┃ 老い支度とは何か
人生100年時代、と言われる現代に多くの高齢者が望むのは「ピンピンコロリ」。「終活」という言葉も一般的になり、自身の葬式や墓についての希望を書き残す人も増えている。『百まで生きる覚悟/超長寿時代の「身じまい」の作法』(春日キスヨ著、光文社新書)の著者は、こうした「終活」ブームの割には、「ピンピン」と「コロリ」間の時期、つまり自分が誰かの世話にならざるを得ない時期が来ることに向き合っている高齢者は少ないのではないか、と指摘する。70代から80代の「昭和生まれ」世代は、「子どもの世話にはなりたくない、なれない」と言う人が多い。健康増進に熱心に取り組み、趣味や友人との交流にエネルギーを注ぐ元気な高齢者世代だが、老い衰える姿に向き合うことは避け、「暗いことは考えたくない」「成り行き任せ」にしがちである実態を、さまざまなインタビューから明らかにしている。これからは、いざ倒れたときに頼れる親族がそもそもいない、そういう人も増えてくる。本当に必要な「老い支度」とは何か、何から備え始めたら良いのか、高齢者自身も、支える世代も現実的な面から考えておく必要がある。

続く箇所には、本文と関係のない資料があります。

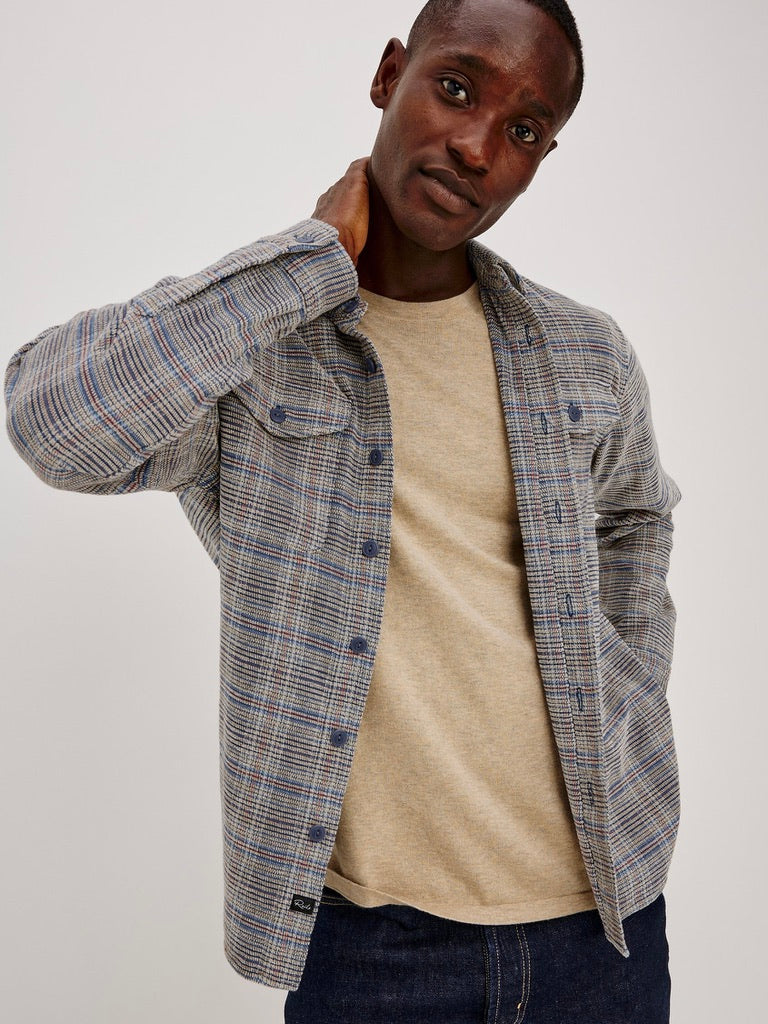Oat Meridian Chenille - Warren BD Shirt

『自炊力/料理以前の食生活改善スキル』(白央篤司著、光文社新書)はタイトル通り、料理「以前」のところから始められる、食生活改善のための提案を盛り込んだ1冊。自分ひとり分の食事を手軽に、好きなように調達できるスキルを身に付けることは、慣れれば決して難しいことではない。ライフスタイルに合わせて自炊のハードルを下げることは、長い人生を生きていくうえで誰にとっても必須のスキルだとしている。日本人は、毎日完璧な栄養バランスを、と気にし過ぎたり、手間ひまかけた食事を用意しなければならないと思い込み過ぎたりしているのでは、とも指摘している。
┃ 就職氷河期世代の貧困
現在の労働市場において、新卒採用は空前の「売り手市場」となっている。一方で労働市場において忘れられ、見過ごされている問題がある。『ルポ 中年フリーター/「働けない働き盛り」の貧困』(小林美希著、NHK出版新書)で取り上げられている、就職氷河期時代に社会に出て、正社員になれずに現在「中年フリーター」と呼ばれるようになった人たちの存在だ。日本では、新卒時に正社員になれなかった者は、そのまま非正規の職に就くことが多い。かつて新卒時に就職氷河期を経験した世代が今、中年(35歳から54歳)の年齢になった。好景気に見放された「中年フリーター」たちは、不安定な雇用、過酷な労働環境で働かざるを得ない。当事者への取材と、各種統計とを併せて紹介し、近い将来、社会保障制度を根本から揺るがしかねない、見えざる貧困問題について警鐘を鳴らす。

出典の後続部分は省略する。